Am Donnerstag stellte der NDR in Kiel in Person der Vorsitzenden des NDR Landesrundfunkrates Schleswig-Holstein, Laura Pooth, die Ergebnisse der externen forensischen Prüfung der Wirtschaftskanzlei Deloitte in Bezug auf sechs Fälle vor. Es standen Vorwürfe der politischen Einflussnahme seitens der NDR-Führung im Landesrundfunkhaus in Kiel im Raum. Zuletzt entkräftete bereits eine vom NDR intern durchgeführte Prüfung die Vorwürfe und sah keine Belege für einen „politischen Filter“ in Kiel (Quotenmeter berichtete). Auch die Prüfer von Deloitte sahen „keine Hinweise auf systematische oder bewusste Verstöße gegen die Programmgrundsätze des NDR“, wie es am Donnerstag hieß.
Weiter hieß es jedoch: „In den untersuchten Fällen könnte allerdings der Anschein entstanden sein, dass Mitarbeiterinnen und Mitarbeiter oder Führungskräfte des Landesfunkhauses Programmgrundsätze missachtet haben. Grund dafür seien Fehler im Programmablauf, mangelhafte interne Kommunikation, unklare Rollen und Funktionen, Kompetenzen und Verantwortlichkeiten sowie mangelnde Sensibilität im Hinblick auf die Tragweite und den politischen Kontext von Beschwerden.“
Dementsprechend fordert Pooth nun, dass der NDR schnell Abhilfe schaffen müsse, „auch zum Selbstschutz der Journalisten“. Schon der Anschein von Parteilichkeit müsse unbedingt vermieden werden. Der Tenor ist klar: Es dürfen keine Zweifel an der Unabhängigkeit der Berichterstattung aufkommen. Beschwerden von außen müssen transparent dokumentiert und den zuständigen Stellen zugeleitet werden. Zugleich gelte es, die internen Wege zur journalistischen Konfliktbeilegung stärker zu nutzen. Nach Einschätzung des Landesrundfunkrates gebe es ein „unklares Rollenverständnis einzelner Führungskräfte“ sowie eine „unzureichende Sensibilisierung einiger Mitarbeiter für politische Compliance-Fragen“. Verbesserungspotentiale identifizierten die Prüfer bei der Schulung und Sensibilisierung der Mitarbeitenden im Hinblick auf politische Berichterstattung sowie im organisatorischen Bereich bei der Dokumentation von Rollenbeschreibungen sowie der Kommunikation von Kompetenzen und Funktionen.

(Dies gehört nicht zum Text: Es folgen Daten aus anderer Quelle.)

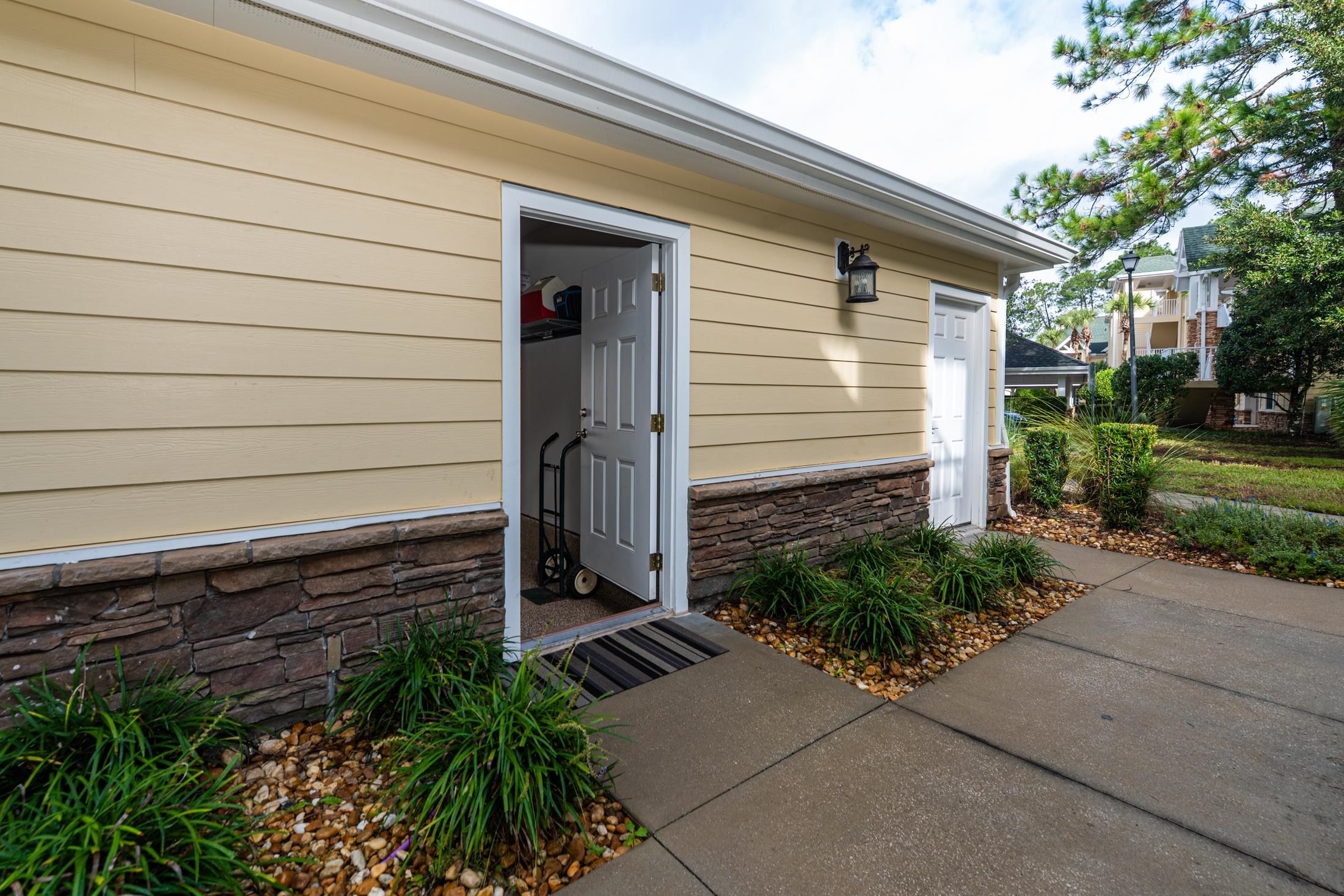 Image 75 of 95 For 335 Shore Cir N 1021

„Der Landesrundfunkrat wird nun den Bericht von Deloitte ausführlich analysieren und auf dieser Basis konkrete Empfehlungen für den Sender erarbeiten, damit dieser seinen Pflichten aus dem NDR Staatsvertrag in Zukunft uneingeschränkt nachkommen kann", betonte Laura Pooth.
NDR-Intendant Joachim Knuth zeigte sich in einer weiteren Pressemitteilung am Mittag erleichtert über die Ergebnisse der externen Prüfung: „Die gute Nachricht ist: Der Vorwurf einer systematischen politischen Einflussnahme hat sich nicht bestätigt, die Berichterstattung ist laut der Prüfung ausgewogen. Die Norddeutschen können sich darauf verlassen, dass im Landesfunkhaus Schleswig-Holstein unabhängig und nach nachvollziehbaren journalistischen Kriterien gearbeitet wird.“ Er mahnte aber auch, dass die differenzierte Prüfung zeige, dass „wir sensibler mit Programmkonflikten umgehen und bestehende Regeln noch klarer handhaben und kommunizieren müssen“, so Knuth. „Offenheit ist an dieser Stelle der wirksamste Schutz, um Verdachtsmomente erst gar nicht aufkommen zu lassen.“
Zu den sechs zu untersuchenden Fällen zählten die Berichterstattungen über das DRK und den Bauerntag 2020 sowie über den Rücktritt eines Landesministers. Geprüft wurden auch Vorwürfe im Zusammenhang mit der nicht erfolgten Berichterstattung über Verhaltensweisen eines landespolitischen Sprechers und die Programmbeschwerde des Direktors einer Landesbehörde. Der letzte Fall betraf die Aktivitäten des Partners eines NDR-Programmmitarbeiters im Kommunalwahlkampf.